Web page caption snippets:
# # # # #
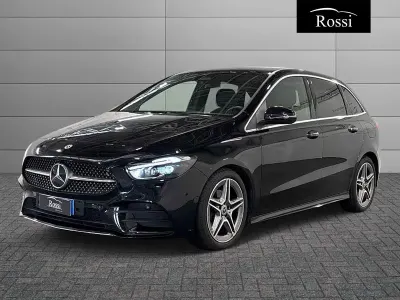 Usata Mercedes B180 Advanced Plus 116 CV (85 kW) 2025 Nero metallizzato Utilitaria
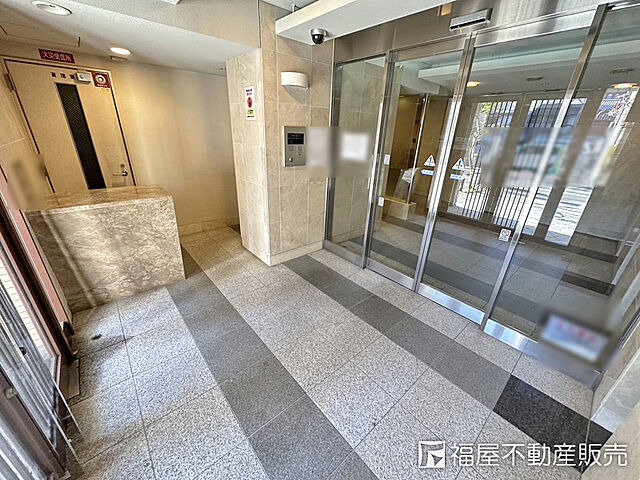 エントランス エイペックス京都室町 1階/-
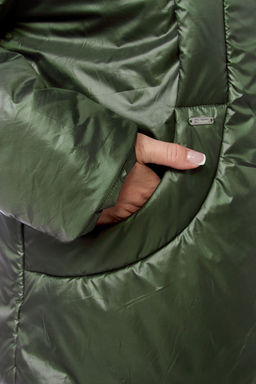 Куртка Diamant 1997 зелень фото 2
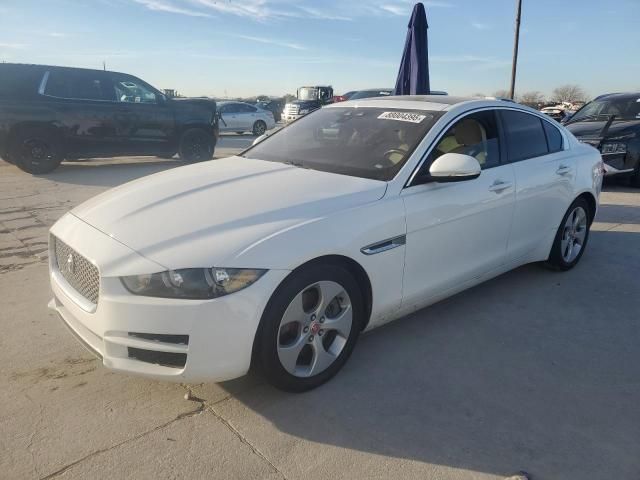 2018 Jaguar XE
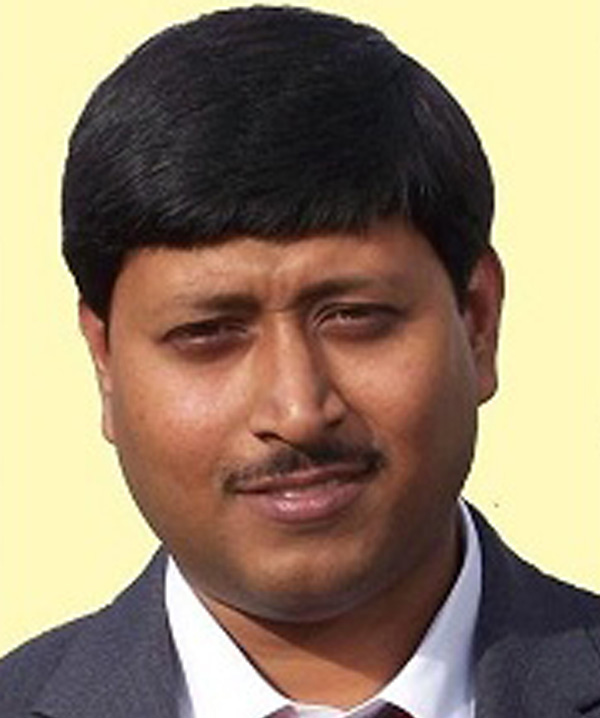 Dr. Jaydeep Bhattacharya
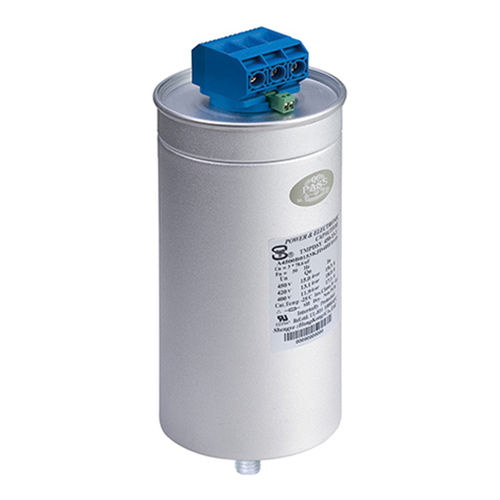 Power capacitor - Type H - Sheng Ye Electric Co.,ltd - metalized polypropylene film / polypropylene film / aluminum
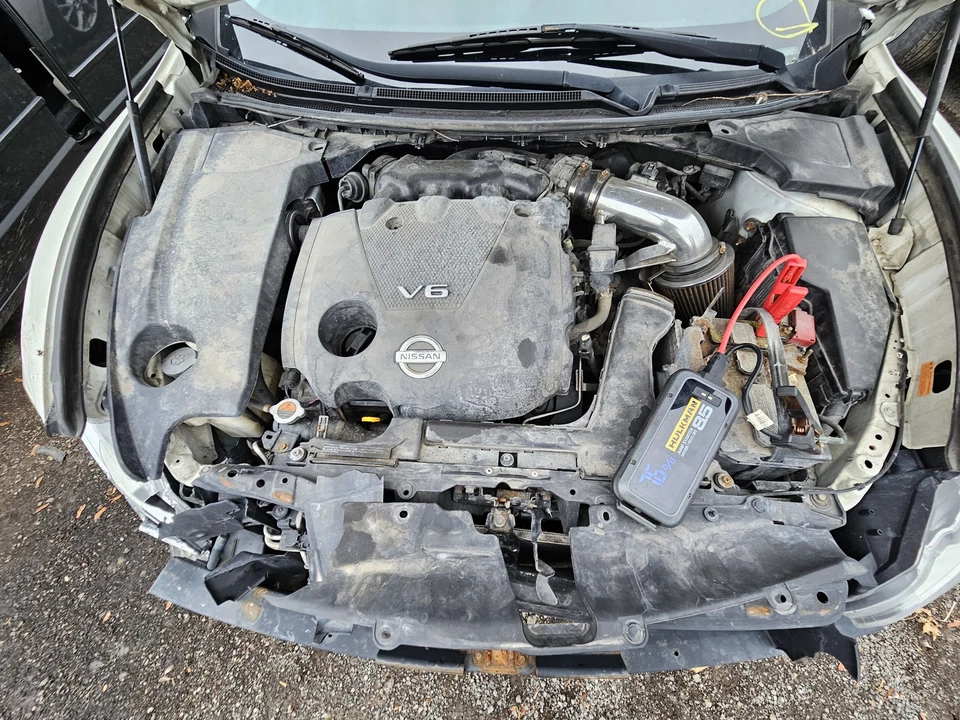 Used Front Right Door Window Regulator Front fits: 2013 Nissan Maxima Front Righ Foto 1 de 4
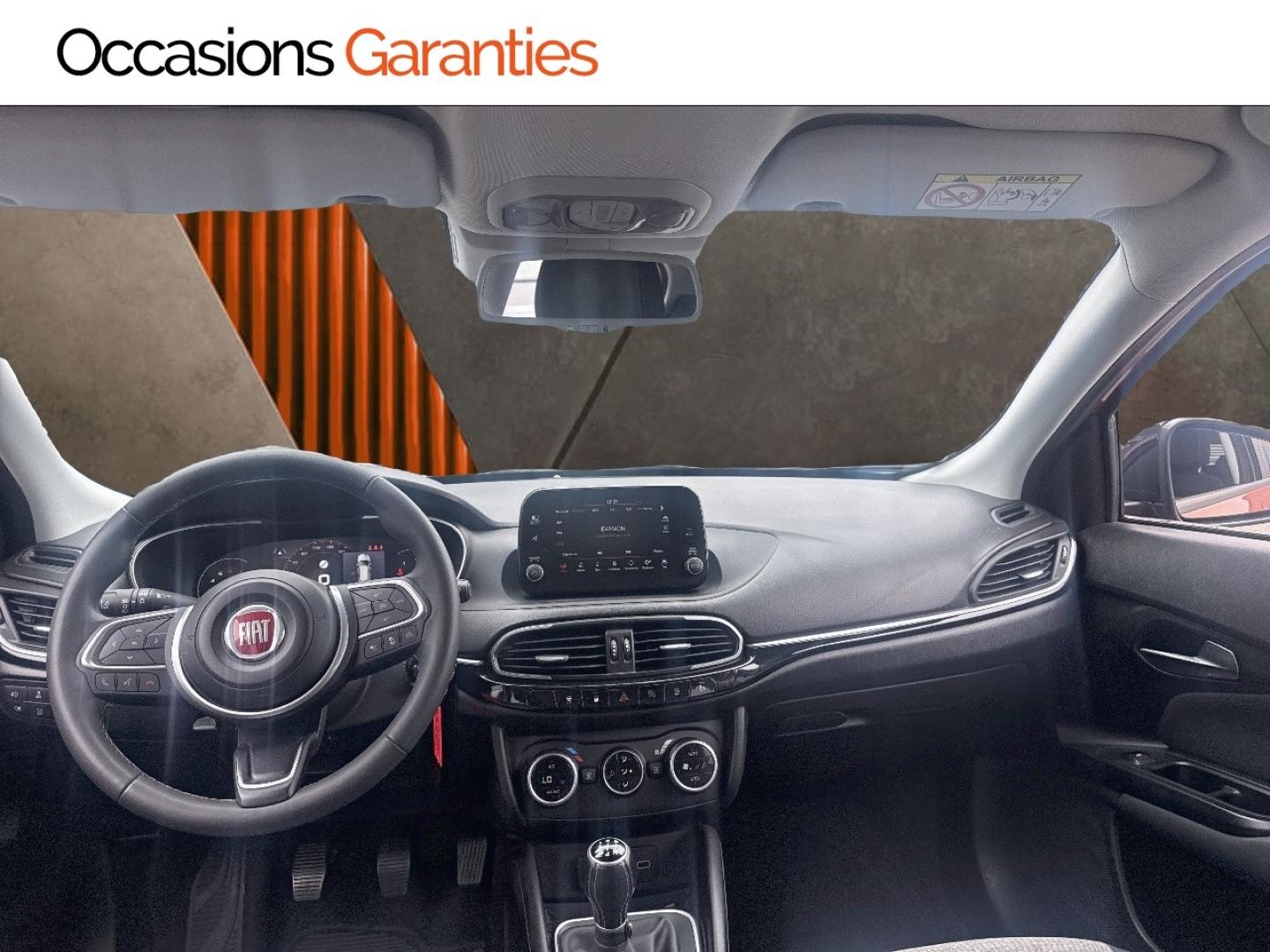 Voitures occasions FIAT Tipo Cross Plus Lens
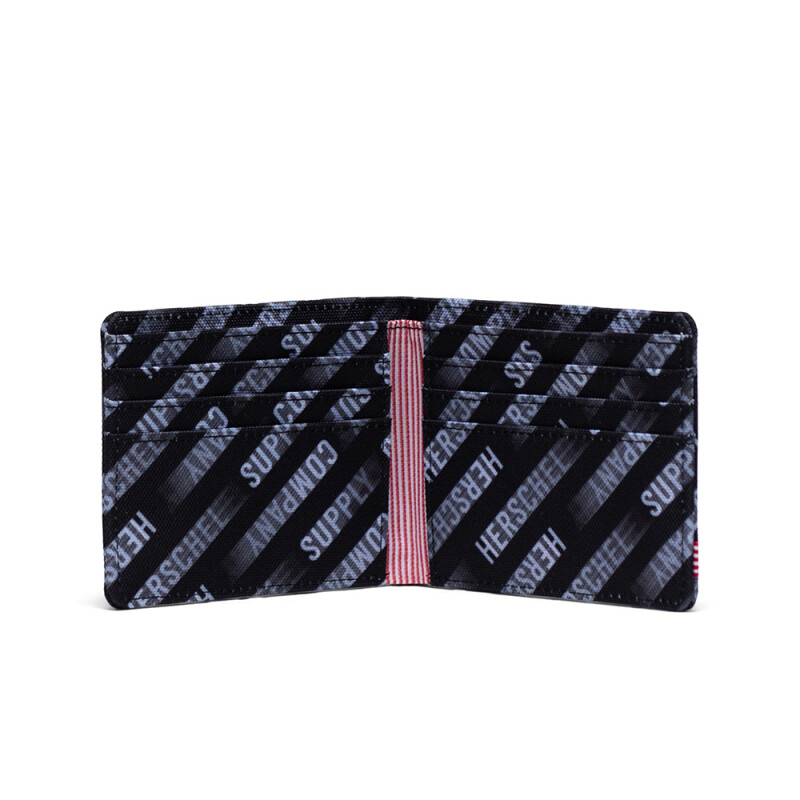 Roy RFID - Unisex Hsc Motion Black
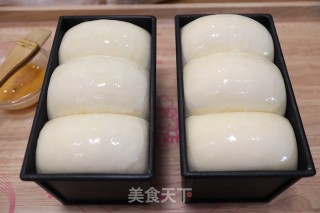 波兰种低糖原味吐司的做法步骤：12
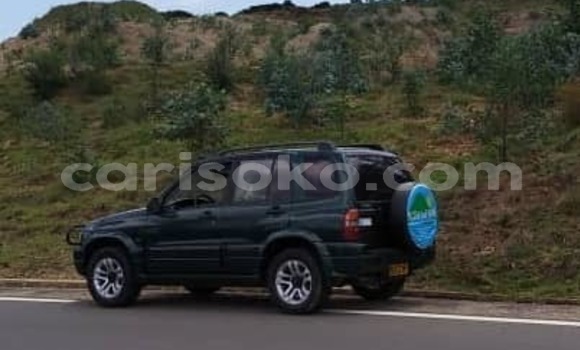 Sayi Na hannu Suzuki Grand Vitara Noir Mota in Kigali a Rwanda Sayi Na hannu Suzuki Grand Vitara Noir Mota in Kigali a Rwanda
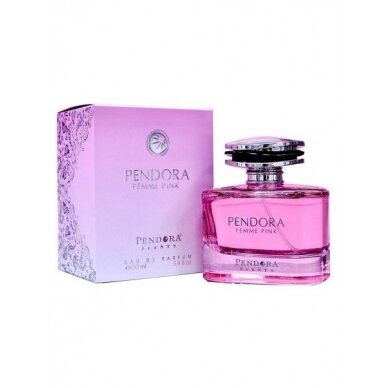 PENDORA FEMME PINK (VERSACE BRIGHT CRYSTAL)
# # # # #
YOUR ASSIGNMENT: Extract, word for word, every line from the one holding "Used Front Right" through the closing line of the data above. Do not include any pictures.

YOUR SOLUTION:
 Used Front Right Door Window Regulator Front fits: 2013 Nissan Maxima Front Righ Foto 1 de 4
 Voitures occasions FIAT Tipo Cross Plus Lens
 Roy RFID - Unisex Hsc Motion Black
 波兰种低糖原味吐司的做法步骤：12
 Sayi Na hannu Suzuki Grand Vitara Noir Mota in Kigali a Rwanda Sayi Na hannu Suzuki Grand Vitara Noir Mota in Kigali a Rwanda
 PENDORA FEMME PINK (VERSACE BRIGHT CRYSTAL)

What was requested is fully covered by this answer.